Book Review and Reflection | The Cross and the Lynching Tree
The Cross and the Lynching Tree
by
James H. Cone
My rating:
5 of 5 stars
After finishing Michelle Alexander's "The New Jim Crow" last month, I wanted to continue reading along the same lines. Cone's work deals in the same themes of systemic black oppression, but focuses specifically on the era of lynching (extending from the late 19th past the middle of the 20th centuries), and from the perspective of black liberation theology.
This is truly a remarkable work. Most of my margin notes throughout are simple declarations like "ugh," or "wow," or "Lord." Cone holds nothing back in his critique of the white church's (both conservative and liberal) lack of practical and theological response and reflection to the legal (ugh) lynching of more than 5,000 black people, and the failure of the white imagination to see the connection between the cross of Christ and the lynching tree. What was obvious and a daily reality for black people, and what even crept into popular music (see Billie Holiday's "Strange Fruit"), was not substantially dealt with by even the most ideologically aligned white theologians of the day, such as Reinhold Niebuhr.
I can say that I studied this period of theology a lot in college and seminary. This time period was consumed with the fundamentalist/modernist controversy, a cultural clash that pitted Biblical authority against human reason in a battle royal, with each side seeking to preserve essential thrusts of Christian practice and theology. Not until reading Cone did I even consider that this great controversy allowed both sides of the argument to ignore the absolutely despicable practice of lynching that was going on all around these scholars at the time. I doubt this ignoring of such a grave injustice was in every way intentional, but it is undoubtedly a shameful scar on the white church which has deep implications for today.
As I look at the stories Cone tells, some which made want to avert my gaze from the page, I am overwhelmed with the conviction to repent. Such repentance has surely not been adequately made, and is needed now more than ever: that the white church has no right to question the #BlackLivesMatter movement when we have this scar of active and passive acceptance of lynching on our collective conscience. When public execution with no trial without any legal ramifications for the killers has a long, dark history in this country which looks a lot more like the hideous modern day acts of ISIS than we'd care to admit.
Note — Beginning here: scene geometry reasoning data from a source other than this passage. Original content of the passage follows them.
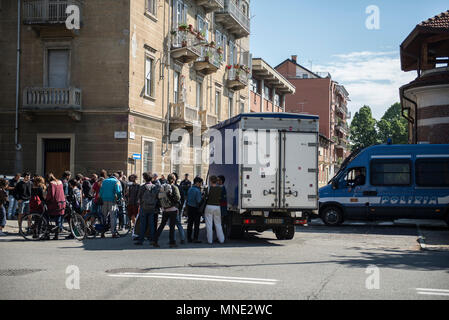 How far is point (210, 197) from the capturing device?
46.7ft

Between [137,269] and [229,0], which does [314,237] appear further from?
[229,0]

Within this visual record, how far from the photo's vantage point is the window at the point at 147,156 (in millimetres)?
25156

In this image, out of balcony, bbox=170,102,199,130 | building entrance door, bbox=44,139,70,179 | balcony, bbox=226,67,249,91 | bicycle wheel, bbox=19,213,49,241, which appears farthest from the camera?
balcony, bbox=226,67,249,91

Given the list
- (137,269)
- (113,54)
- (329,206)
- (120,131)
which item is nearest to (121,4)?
(113,54)

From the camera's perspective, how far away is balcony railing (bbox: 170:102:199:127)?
90.5 ft

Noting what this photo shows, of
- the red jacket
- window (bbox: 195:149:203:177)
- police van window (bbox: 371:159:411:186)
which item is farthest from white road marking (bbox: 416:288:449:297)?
window (bbox: 195:149:203:177)

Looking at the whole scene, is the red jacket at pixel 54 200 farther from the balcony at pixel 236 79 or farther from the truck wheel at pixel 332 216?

To talk about the legacy of lynching today is not "living in the past," but addressing how that broken past continues to live in us! I cannot fault my black brothers and sisters for being utterly ravaged by the modern misuses of power and force that lead to more black deaths even today. In fact, I must join them in grief: How long, O Lord?
But this book is not ultimately about me. It's about the black experience, and the theological imagination of black theologians and poets and artists who lived out the intersections between the cross and the lynching tree. That Jesus Christ proclaims dignity and hope to all who die on the tree. That the good news is good news for the poor and for those who suffer. And that they lynching tree provides an inversion of meaning that challenges dominant theological categories, and adds an important image "from below" to the "community called atonement."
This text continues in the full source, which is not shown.